Superintelligence: a Book, an Hypothesis, a Warning

After having earlier dismissed Artificial Intelligence as a bogeyman, I confess to being deeply frightened by the book, Superintelligence: Paths, Dangers, Strategies. (2014)

The book’s author is Nick Bostrom, director of the Future of Humanity Institute and director of the Strategic Artificial Intelligence Research Centre at the University of Oxford.  You can view his academic creds on Wikipedia. There’s an excellent profile of him—highly recommended—in The Guardian* at Guardian profile of Nick Bostrom

If you’ve heard much about Nick Bostrom or the Future of Humanity Institute, what follows could be a rehash. But I’ll plow ahead even though this book is four years old, for what it may be worth.

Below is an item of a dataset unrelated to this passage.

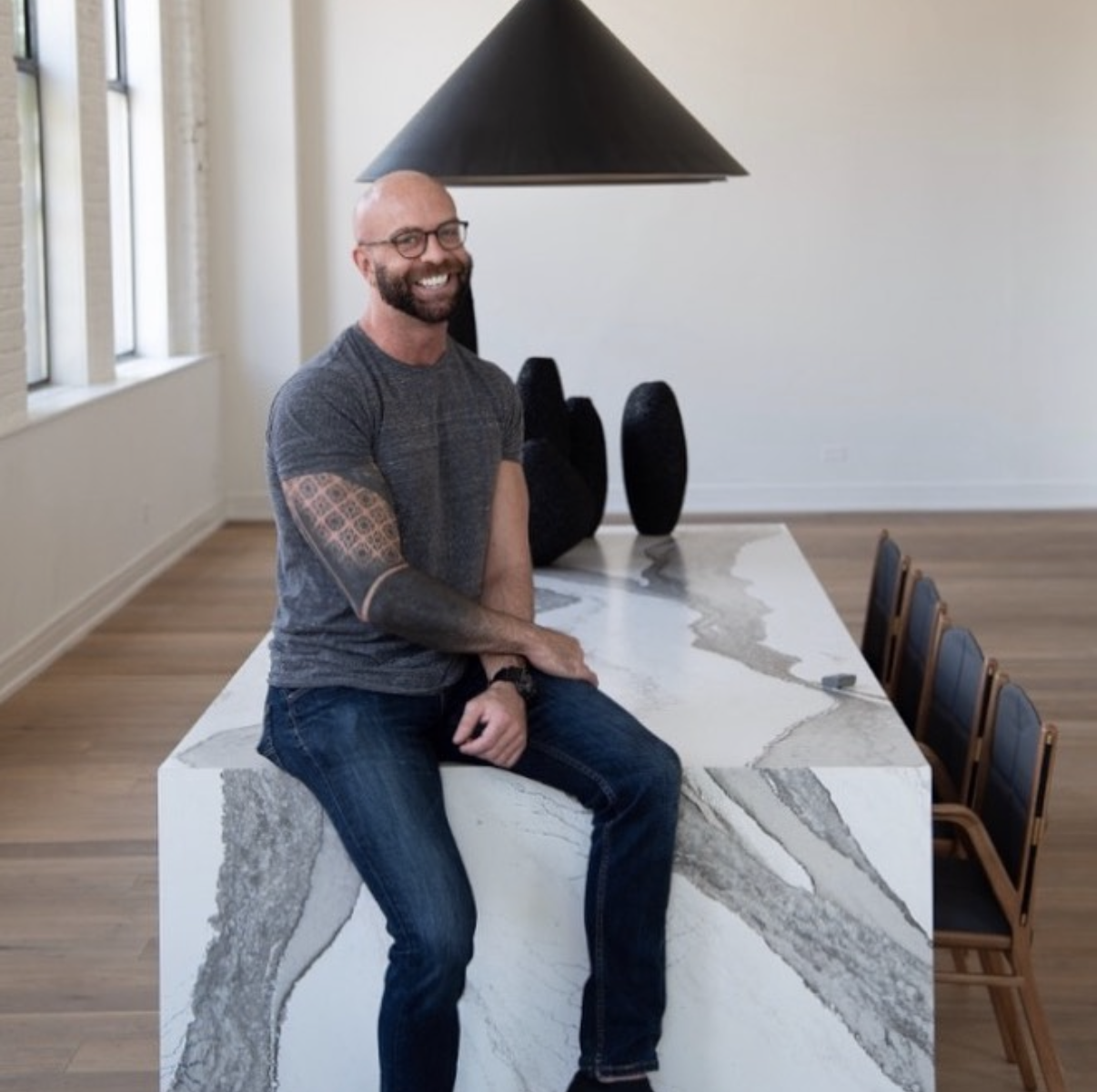 David smiling while sitting on a marble table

In the first paragraph, The Guardian puts the scope of Bostrom’s concerns this way:  “Notably: what exactly are the “existential risks” that threaten the future of our species; how do we measure them; and what can we do to prevent them? Or to put it another way: in a world of multiple fears, what precisely should we be most terrified of?”

The Guardian’s piece identifies Bostrom’s key themes, and is so informative (including telling nuances such as Bostrom’s finicky diet and germ phobia) that I have little of substance to add on the man himself, but the following is my take on the most salient messages from his signature work, Superintelligence.